American Made

The ability to board your own aircraft, operate it with the ease of an automobile and go wherever you want, whenever you want and over vast fields and towns below, is just so cool.

It’s one thing to be a passenger who enjoys looking out the window and actually enjoys air travel (especially now, when going to airport is a decathlon in discomfort). It’s another thing entirely to be in the cockpit, controlling a massive aircraft, carrying hundreds of people, and capping their experience with “Welcome to Miami” as they depart.

Doug Liman’s “American Made” is one of those rare movies that gets how sexy and grand being a pilot is. Yes, pilots and air travel in general can be sexy. After all, let’s not forget the suggestive and catchy slogan that National Airlines used to boast in their ad campaign: a smiling flight attendant would declare, “Hi, I’m Tina…Fly Me!” Recent films like Martin Scorsese’s “The Aviator” and Steven Spielberg’s “Always” are among the few that not only offer stunning aerial footage but really get the attitude, feel and look of those who fly daily. Those films also understood that there’s something undeniably erotic about the thrill of being miles above ground.

This amazingly true story stars Tom Cruise (who more than redeems himself from the embarrassment of “The Mummy”) as Barry Seal, a carefree commercial airline pilot who is selected by a CIA agent (well played by Domhnall Gleason) to fly top secret missions. Seal initially sticks to the plan but finds himself doing business with figures like Pablo Escobar and Manuel Noriega. Over time, the money and temptations for trouble start to pile up.

Liman hasn’t made a film this loose and wild since “Go,” his 1999 sophomore effort. Despite being a depiction of criminal activity, moral corruption and illegal financial gain, this all plays much funnier than expected. Although Seal’s do-or-die lifestyle of success, excess and an inevitable downfall has thematic parallels with movies like “Goodfellas,” this plays like an especially playful and irreverent Oliver Stone film.

Cruise begins the role in his comfort zone, playing Seal with his trademark grin and coming across as cocksure and impenetrable as he does in interviews. The crazier the story gets, the more reactive Cruise’s performance becomes. Even with a middling accent, he’s solid showing us how this master of his universe succumbs to full panic mode. The casting is spot-on, as Cruise embodies an all-American success story but doesn’t hesitate to make Seal look foolish when necessary.

Playing Barry’s wife, Lucy, newcomer Sarah Wright is a real find and steals many scenes.
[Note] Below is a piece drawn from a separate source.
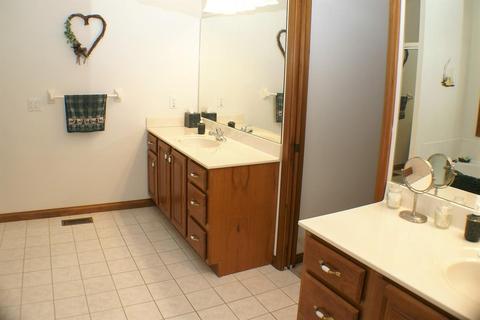 3309 Plateau Pl, Evendale, OH 45241 photo 8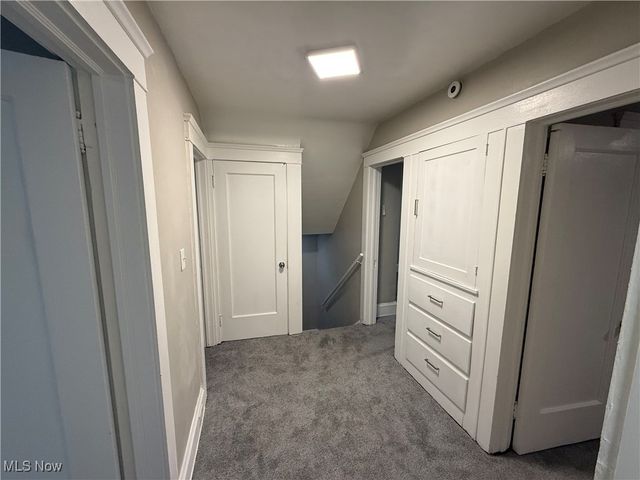 1438 E 133rd Street, East Cleveland, OH 44112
Caleb Landry Jones, so good as the younger brother in “Get Out” and as Amanda Seyfried’s boyfriend in “Twin Peaks- The Return,” is hilarious as Lucy’s brother, “JB”.

The depiction of the late 1970’s-mid-1980’s is both a spot-on recreation (or, at least, how I remember it)but also resembles a goofy political cartoon. The approach works, as we live vicariously through Seal, relishing his close calls and never fully judge him as we should (he’s hard to dislike when he’s played by Mr. Charisma). Although the clever screenplay by Gary Spinelli is telling a true-life, politically charged adventure yarn, leading up to an explanation of the Iran-Contra Scandal, it’s the comedy that resonates the strongest.

To own up to a slight bias, I also dug “American Made” because, in addition to being one of the best films ever made about aviation, it also has a big movie star playing someone cool named “Barry.” Seriously, it been a dry spell for me (the low point may be discovering a movie about a hopeless loser called “Someone Marry Barry”). Finally, Tom Cruise, the All-American movie star, spends two hours playing a guy with my first name. Now, I can die happy.